Considérant, au surplus, qu’aux termes de l’article 65 de la Constitution : " (…) La formation du Conseil supérieur de la magistrature compétente à l’égard des magistrats du parquet donne son avis (…) sur les sanctions disciplinaires concernant les magistrats du parquet " ; qu’aux termes de l’article 48 de l’ordonnance du 22 décembre 1958 : " Le pouvoir disciplinaire est exercé (…) à l’égard des magistrats du parquet (…) par le garde des sceaux, ministre de la justice " ; qu’aux termes du premier alinéa de l’article 66 de la même ordonnance : " Lorsque le garde des sceaux, ministre de la justice, entend prendre une sanction plus grave que celle proposée par la formation compétente du Conseil supérieur, il saisit cette dernière de son projet de décision motivée.
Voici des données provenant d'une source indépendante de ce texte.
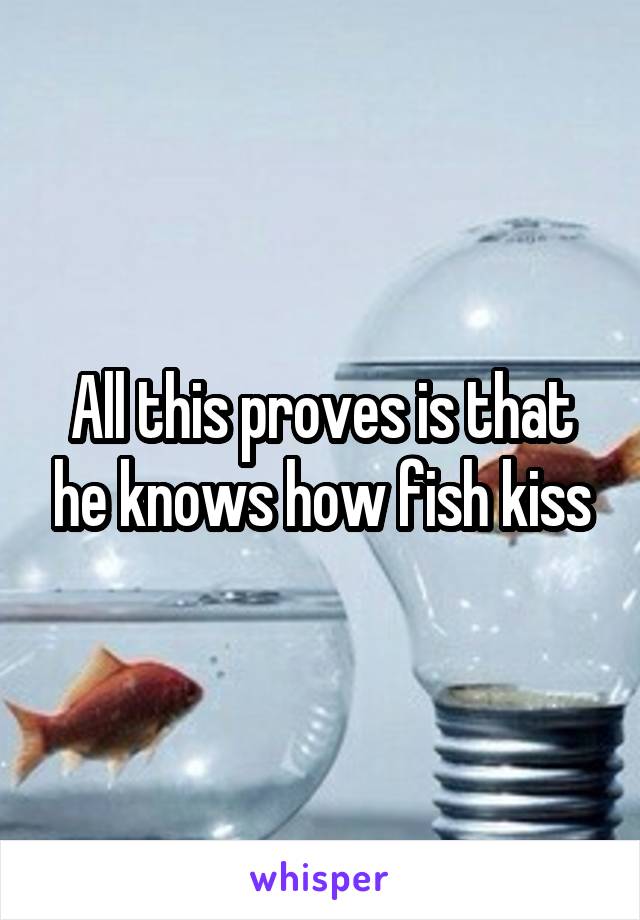 All this proves is that he knows how fish kiss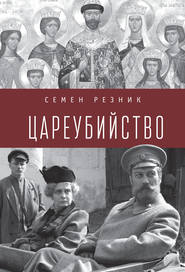 бесплатно читать книгу Цареубийство. Николай II: жизнь, смерть, посмертная судьба автора Семен Резник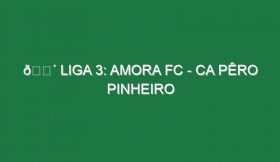 🔴 LIGA 3: AMORA FC – CA PÊRO PINHEIRO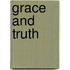 Grace And Truth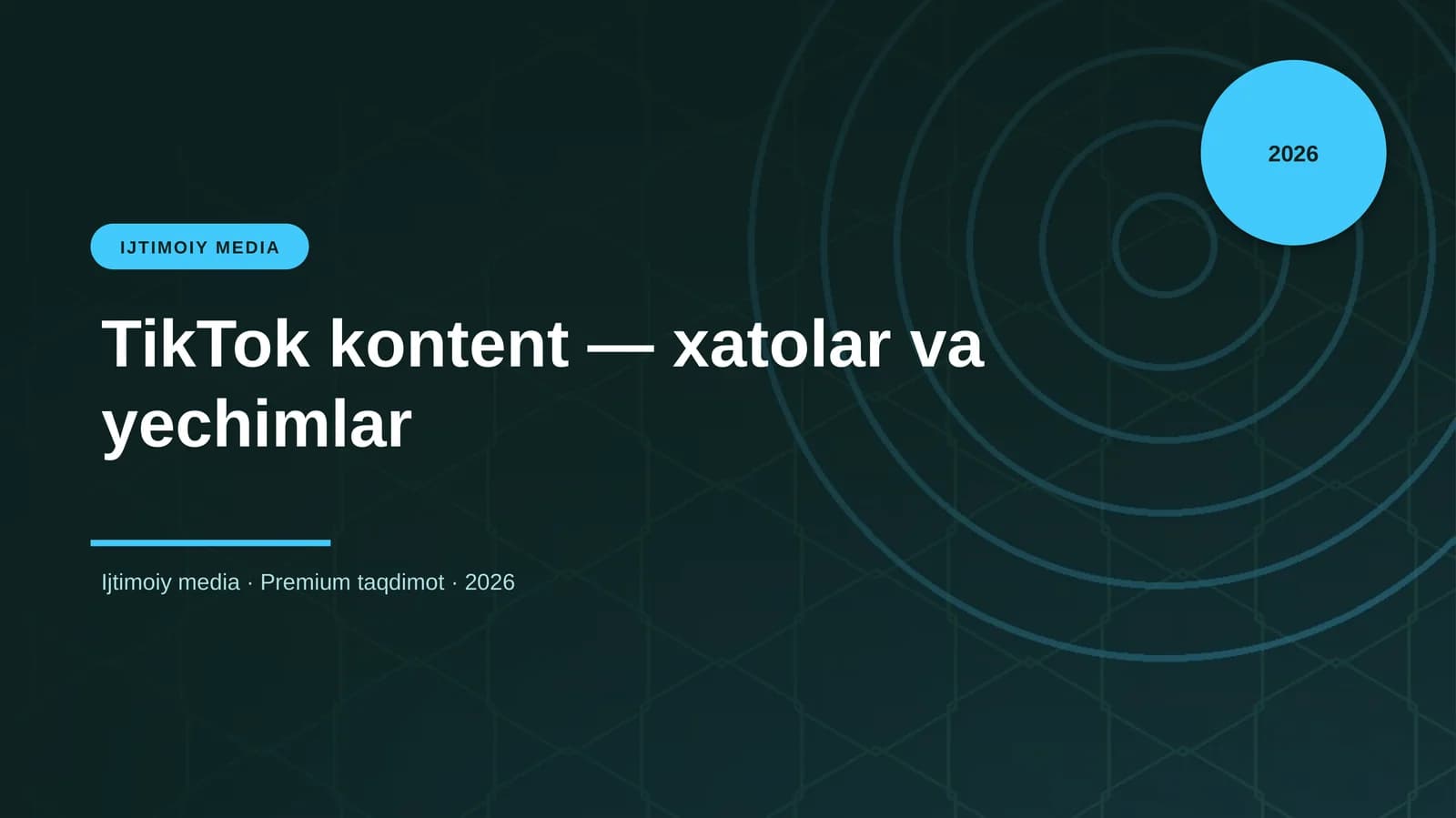 TikTok kontent — xatolar va yechimlar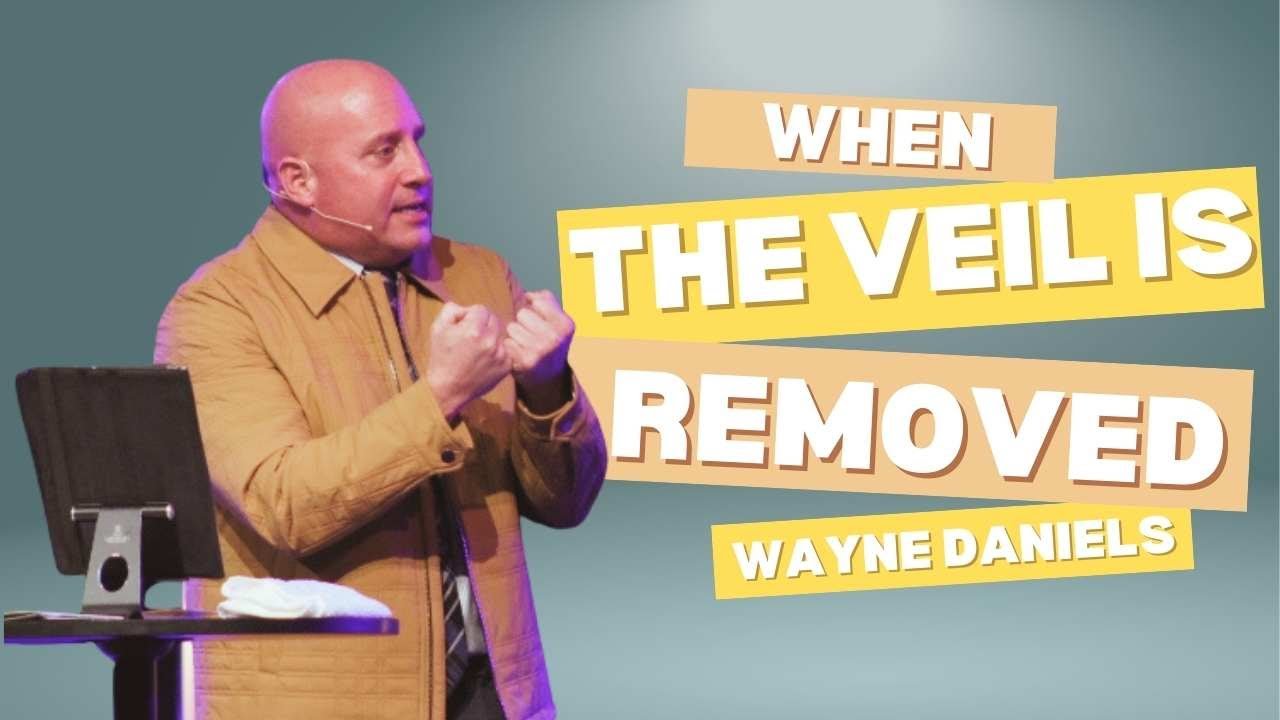 When the Veil is Removed | Wayne Daniels | Kingdom Life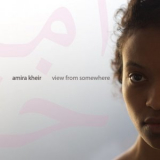 Amira Kheir - View From Somewhere '2011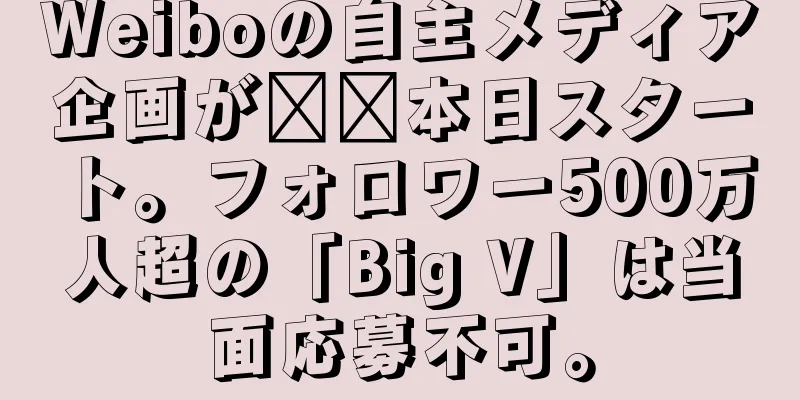 Weiboの自主メディア企画が​​本日スタート。フォロワー500万人超の「Big V」は当面応募不可。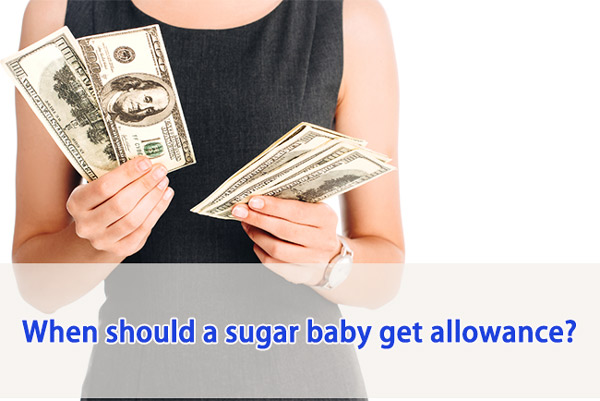 When should a sugar baby get allowance
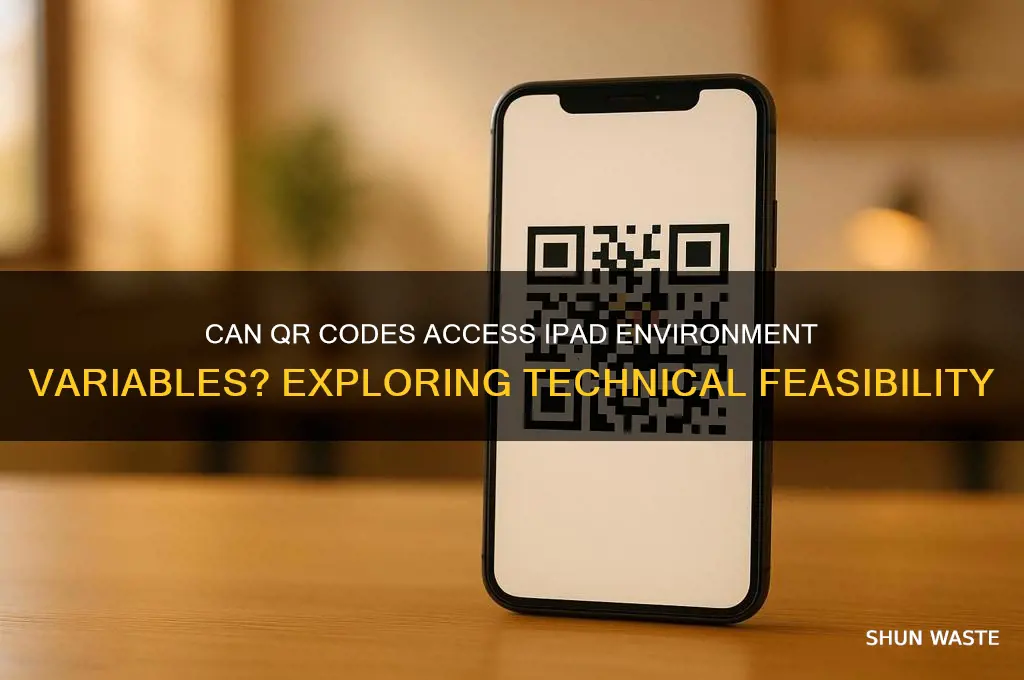 can a qr code pull environment variables in an ipad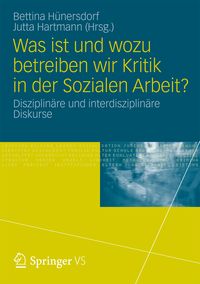 Produktbild: Was ist und wozu betreiben wir Kritik in der Sozialen Arbeit?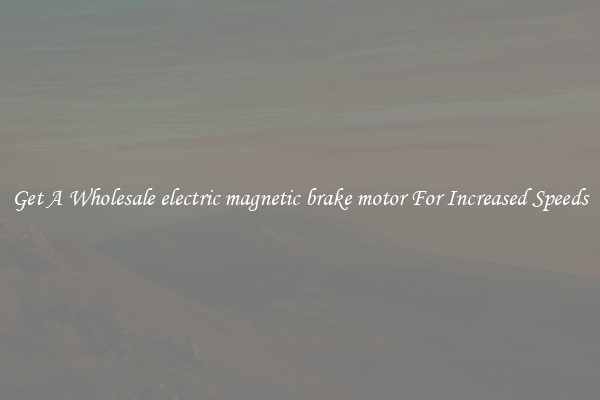 Get A Wholesale electric magnetic brake motor For Increased Speeds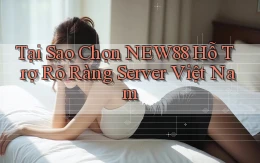 tại sao chọn new88 hỗ trợ rõ ràng server việt nam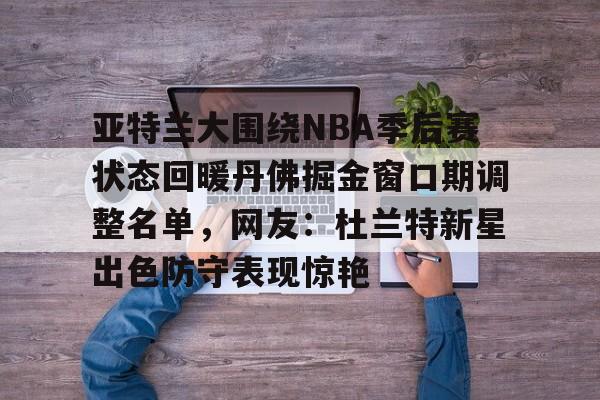 模拟器试玩-亚特兰大围绕NBA季后赛状态回暖丹佛掘金窗口期调整名单，网友：杜兰特新星出色防守表现惊艳的简单介绍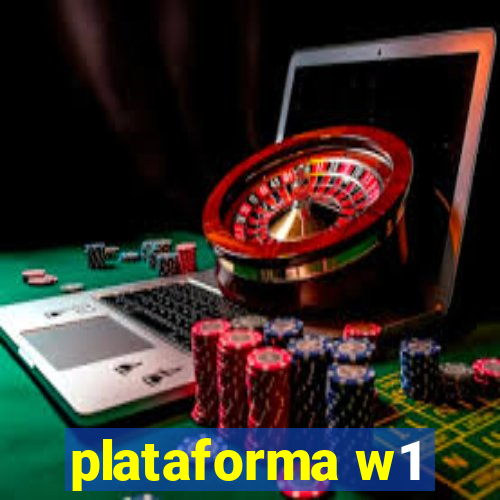 plataforma w1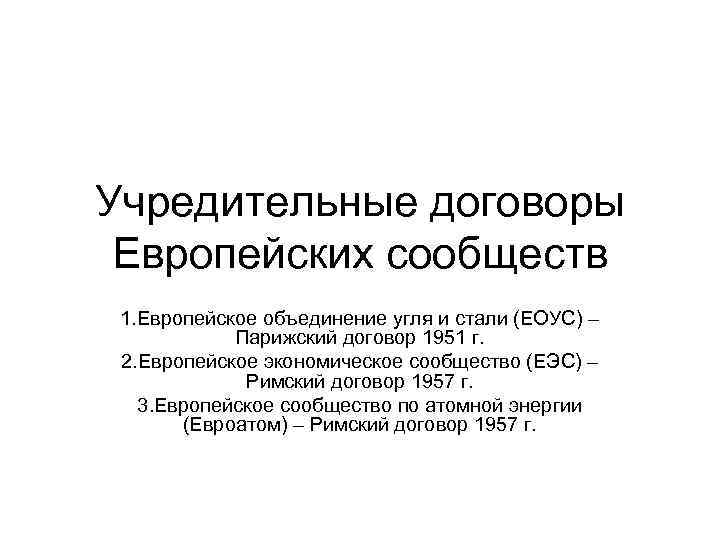 Учредительные договоры Европейских сообществ 1. Европейское объединение угля и стали (ЕОУС) – Парижский договор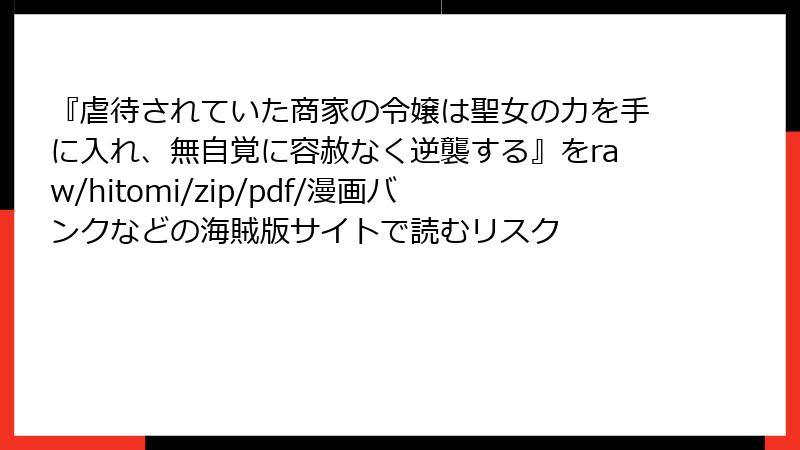 『虐待されていた商家の令嬢は聖女の力を手に入れ、無自覚に容赦なく逆襲する』をraw/hitomi/zip/pdf/漫画バンクなどの海賊版サイトで読むリスク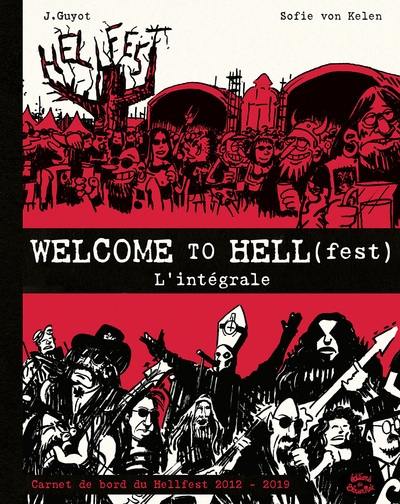 Welcome to Hell(fest) : carnet de bord du Hellfest 2012-2019 : l'intégrale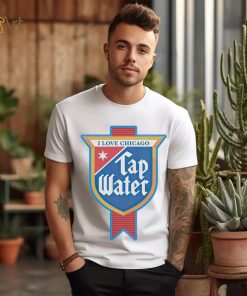 I love Chicago tap water shirt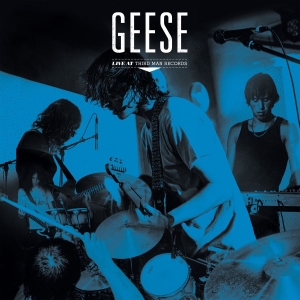 Geese - Live At Third Man Records in the group VINYL / Upcoming releases / Pop-Rock at Bengans Skivbutik AB (5654942)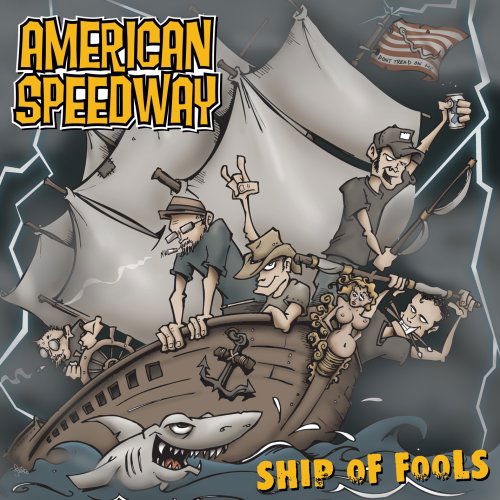 Ship of Fools (CD W/ 2 Bonus Tracks) - American Speedway - Musik - PROPHASE MUSIC - 0760137482024 - 3. oktober 2011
Après avoir entendu les observations du magistrat intéressé, cette formation émet alors un nouvel avis qui est versé au dossier du magistrat intéressé " ; qu’il résulte de ces dispositions que lorsque le Conseil supérieur de la magistrature est saisi de manquements reprochés à un magistrat du parquet, il ne dispose pas d’un pouvoir de décision mais doit émettre un avis sur le principe d’une sanction et, s’il y a lieu, sur son quantum ; qu’il appartient ensuite au garde des sceaux d’exercer son pouvoir disciplinaire pour, s’il estime qu’une faute peut être reprochée à ce magistrat, déterminer, au vu tant de l’avis du Conseil supérieur de la magistrature - qu’il peut consulter à nouveau dans les conditions prévues à l’article 66 de l’ordonnance du 22 décembre 1958 - que de l’ensemble des circonstances de l’affaire, celle des sanctions figurant à l’article 45 de l’ordonnance du 22 décembre 1958 qui lui paraît devoir être infligée ;

Considérant qu’il n’est pas contesté qu’en saisissant le Conseil supérieur de la magistrature, le garde des sceaux a fait savoir publiquement qu’il se conformerait à l’avis de celui-ci, quel qu’il fût, et que le directeur des services judiciaires a confirmé cette intention lorsqu’il a été entendu, le 19 mars 2002, par le Conseil supérieur ; qu’il ressort des termes mêmes de la décision attaquée que le garde des sceaux s’est entièrement approprié les motifs et la portée de l’avis du Conseil supérieur ; qu’eu égard à l’ensemble de ces circonstances, le garde des sceaux doit être regardé comme ayant renoncé à exercer le pouvoir d’appréciation qu’en application de la Constitution et de l’ordonnance portant loi organique du 22 décembre 1958 il lui appartient de mettre en oeuvre ; qu’il a ainsi méconnu l’étendue de sa compétence et entaché sa décision d’une erreur de droit ;

Considérant qu’il résulte de tout ce qui précède que M. S. est fondé à demander l’annulation de la décision du 17 avril 2002 du garde des sceaux, ministre de la justice, ainsi que celle du décret du 18 juin 2002 du Président de la République le radiant des cadres de la magistrature qui constitue une mesure d’exécution de la première décision ; qu’il y a lieu, dans les circonstances de l’espèce, de faire application des dispositions de l’article L. 761-1 du code de justice administrative et de condamner l’Etat à verser à M. S. la somme de 3 000 euros au titre des frais exposés par le requérant et non compris dans les dépens ;

D E C I D E :

Article 1er : La décision du 17 avril 2002 du garde des sceaux, ministre de la justice, et le décret du 18 juin 2002 du Président de la République sont annulés.

Article 2 : L’Etat versera à M. S. la somme de 3 000 euros.

Article 3 : La présente décision sera notifiée à M. Daniel S. et au garde des sceaux, ministre de la justice.